--- Dataset excerpt ---

■ ■ ■ ■ ■ ■ ■

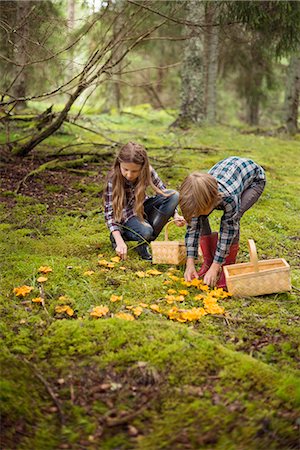 preteen girl - Brother and sister picking up mushrooms Stock Photo - Premium Royalty-Free, Code: 6102-08520597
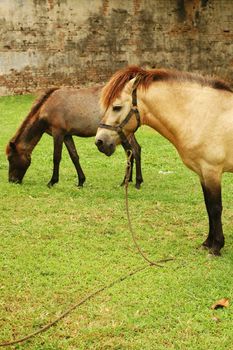 Horse tied up by the tree and eat grass.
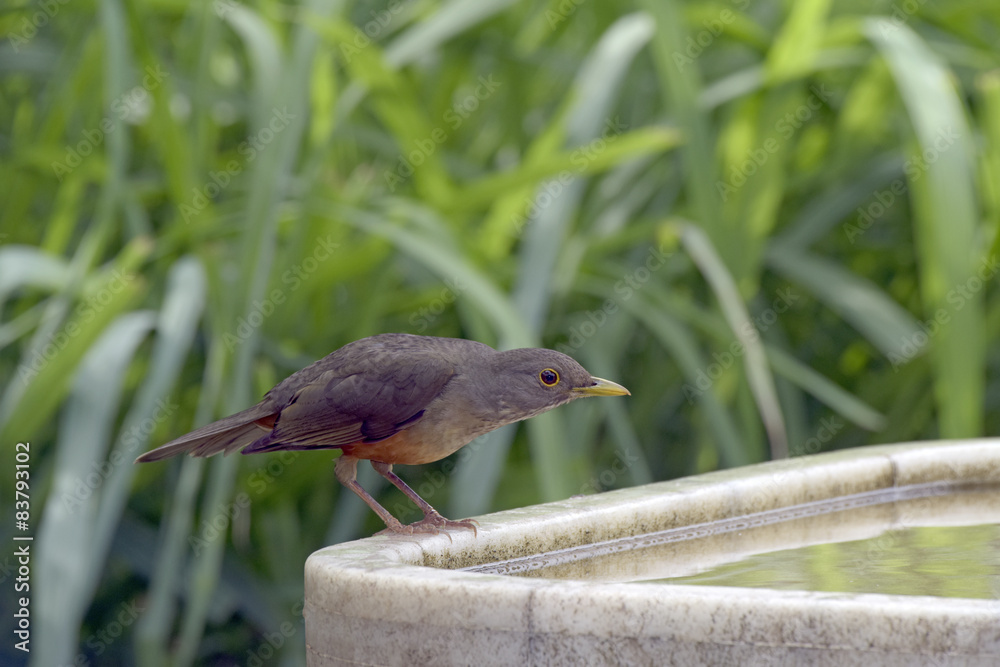 Sabiá-laranjeira ave-símbolo do Brasil Stock Photo | Adobe Stock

■ ■ ■ ■ ■ ■ ■

--- Exercise instructions ---
Top to bottom, retype the listing exactly but drop every picture.

--- Solved problem ---
 preteen girl - Brother and sister picking up mushrooms Stock Photo - Premium Royalty-Free, Code: 6102-08520597
 Horse tied up by the tree and eat grass.
 Sabiá-laranjeira ave-símbolo do Brasil Stock Photo | Adobe Stock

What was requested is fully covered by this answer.